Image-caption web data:
_ _ _ _
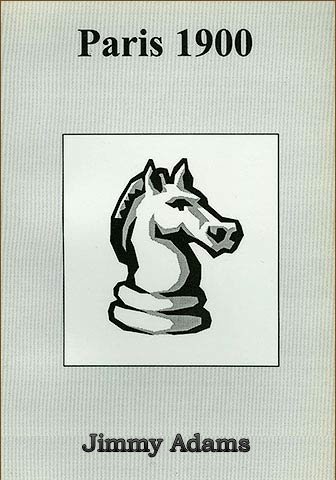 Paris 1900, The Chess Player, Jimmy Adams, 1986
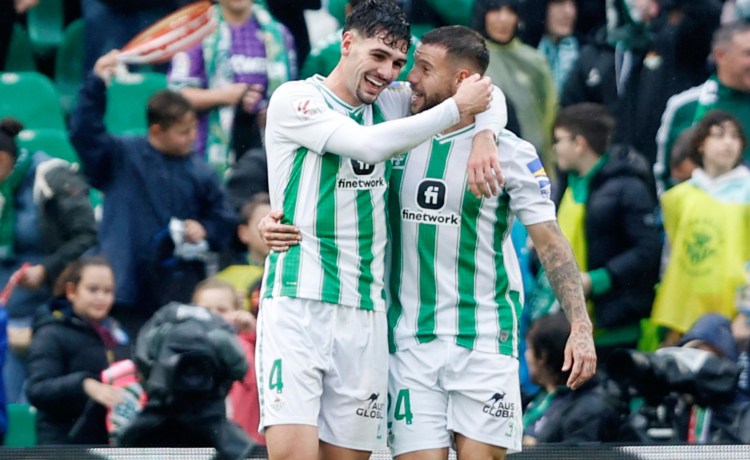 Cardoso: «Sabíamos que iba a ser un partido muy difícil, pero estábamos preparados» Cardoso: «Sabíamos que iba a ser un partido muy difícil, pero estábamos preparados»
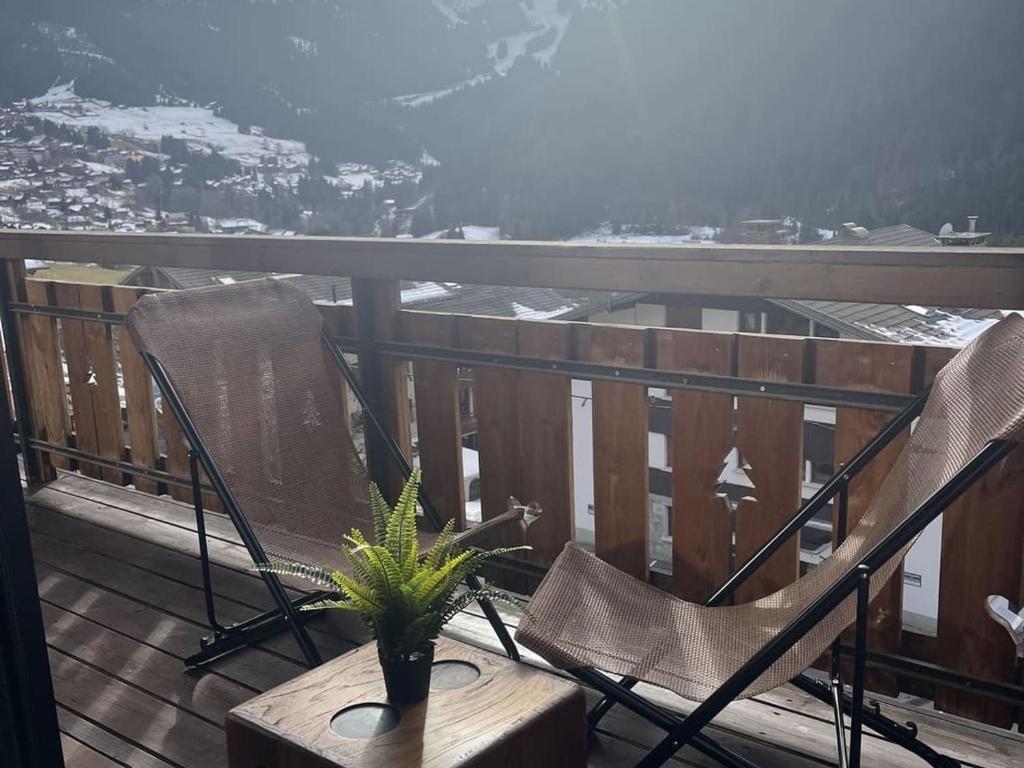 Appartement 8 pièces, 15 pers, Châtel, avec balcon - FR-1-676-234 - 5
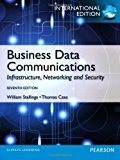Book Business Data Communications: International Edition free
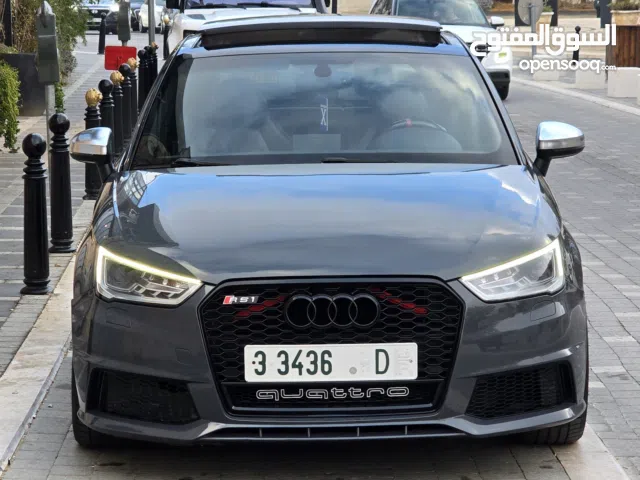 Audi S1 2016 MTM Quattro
_ _ _ _
— WORK ITEM —
Each line from the one that contains "Book Business Data" through the end of the records should be restated exactly; include both end lines and leave any pictures out.

— RESPONSE BOX —
Book Business Data Communications: International Edition free
 Audi S1 2016 MTM Quattro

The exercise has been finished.